Do we want to live in the world of Idiocracy? Probably not, unless we like failing things, like burnt-out third-world dictatorships or toxic wastelands. It’s time to fight back through the simplest method possible: elbow these idiots out of the way, get rich, have big families and start excluding people who aren’t like you.

We’re taught that nothing is worse. That this is selfishness. It’s not — it’s the unselfish act of fixing yourself, and not telling others what to do. Don’t help others. Help yourself, and when you are good, reward yourself and make more of yourself.

12 Responses to “The new West lacks what the old had”

  1. NotTheDude says:

    It dretches me to see the inept have more young than the good. Only the smart and hardworking seem to see the problems of overpopulation and overconsumption and dont breed as much accordingly and yet it is the taking away of help to breed for the inept that we need as we all know. I always say dont breed lots, just breed well. More room for Nature, which produces wonders that we can only try to emulate.

    • New word!

      “Dretch” is the modern form of this (basically a transliteration from Old English).

    • ferret says:

      The smart and hardworking do not breed simply because they cannot afford it. They want to give their children a good education from the very childhood, which is costly. Also, working hard and long hours, they have no much time and energy left to be with their children.

      Smart people understand the main contributors to overpopulation are those who don’t care about education, culture, health, ecology, and overpopulation. The smart people would be happy to breed more in order to level this disbalance, but they cannot: it would be at the expense of their one or two children’s education. Smart people got stuck.

      If smart people “don’t breed lots, just breed well”, and less than three children as a goal, that means they are going to extinct, but still not leaving “more room for Nature”.

      To say “don’t breed lots” to the smart is wrong, to all others – doesn’t work, as they don’t care.

      • NotTheDude says:

        I see your point and we do need the smart to keep their numbers up yet trying to keep up with the inept without hindering the inept’s growth will just hurt us all. I’m just feel thet we are hemmed in by the loss of quality humans on one side and too many on t’other.
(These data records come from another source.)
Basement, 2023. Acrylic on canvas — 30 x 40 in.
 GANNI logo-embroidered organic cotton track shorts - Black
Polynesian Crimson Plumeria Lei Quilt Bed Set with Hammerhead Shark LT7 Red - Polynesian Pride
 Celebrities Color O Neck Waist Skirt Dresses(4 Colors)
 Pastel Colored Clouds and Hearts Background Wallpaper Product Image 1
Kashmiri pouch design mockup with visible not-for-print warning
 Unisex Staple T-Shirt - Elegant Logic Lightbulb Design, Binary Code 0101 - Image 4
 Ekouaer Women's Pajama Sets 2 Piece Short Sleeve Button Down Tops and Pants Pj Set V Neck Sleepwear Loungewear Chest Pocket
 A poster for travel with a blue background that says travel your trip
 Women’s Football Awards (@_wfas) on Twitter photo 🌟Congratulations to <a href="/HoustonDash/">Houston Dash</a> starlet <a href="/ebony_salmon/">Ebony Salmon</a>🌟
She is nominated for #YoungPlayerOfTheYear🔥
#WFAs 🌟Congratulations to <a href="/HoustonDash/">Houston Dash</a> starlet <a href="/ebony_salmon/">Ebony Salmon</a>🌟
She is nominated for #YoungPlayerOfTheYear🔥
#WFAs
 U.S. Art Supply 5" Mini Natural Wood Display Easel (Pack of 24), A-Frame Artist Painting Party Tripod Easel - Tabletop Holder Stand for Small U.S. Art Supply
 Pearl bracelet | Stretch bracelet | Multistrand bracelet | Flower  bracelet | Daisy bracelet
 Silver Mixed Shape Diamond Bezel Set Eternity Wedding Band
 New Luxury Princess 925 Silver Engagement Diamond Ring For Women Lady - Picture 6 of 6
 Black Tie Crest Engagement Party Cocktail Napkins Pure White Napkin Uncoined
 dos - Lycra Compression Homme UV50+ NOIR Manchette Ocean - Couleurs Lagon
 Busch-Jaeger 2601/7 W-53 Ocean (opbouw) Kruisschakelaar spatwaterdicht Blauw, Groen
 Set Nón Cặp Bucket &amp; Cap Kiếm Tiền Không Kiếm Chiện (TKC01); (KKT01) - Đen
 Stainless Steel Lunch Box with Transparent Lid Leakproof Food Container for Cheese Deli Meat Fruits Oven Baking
      • This is how stupid societies kill off their hopes. In the name of the pitiable, they make it too expensive for people to raise children the way children should be raised. Thus the ghettos out-breed the middle class neighborhoods, and soon the society is solely composed of genetic idiots.

  2. crow says:

    We get to this state by being like everybody else.
    Not realizing that nobody knows what they are doing.
    My life, until not so very long ago, in retrospect reads like a manual for chaos.
    Allow others to advise you, and you deserve all you get.

    Morality is a solo pursuit. One custom fits the raw material to oneself, and becomes, through responsibility, the best tool for the job. Or not.

    I discovered early, that I was not a termite. Yet what can an outcast from the mound do? It looks like a termite, gets taken for one, and yet, isn’t one.
    Off it goes, lumbering along, expecting death at any moment.
    Almost too afraid to continue, but too horrified to turn back.

    Life is an adventure, for those who can quell their fear of isolation.
    An undignified punitive sentence for the rest.
    Freedom turning out to be a state of mind.
    Always open, always ready to welcome a fellow escapee.
    And to discuss the best design for a new kind of mound.

  3. Vigilance says:

    The West is the home of the once brave.

  4. crow says:

    Socialisation is a flimsy thing to base your life upon.
    One unpopular word, one allegedly antisocial act, and society can turn on you like the Spanish Inquisition.
    A life based upon truth may never be a comfortable one, but it will be a reliable one. It doesn’t suddenly become false by decree of its unpopularity.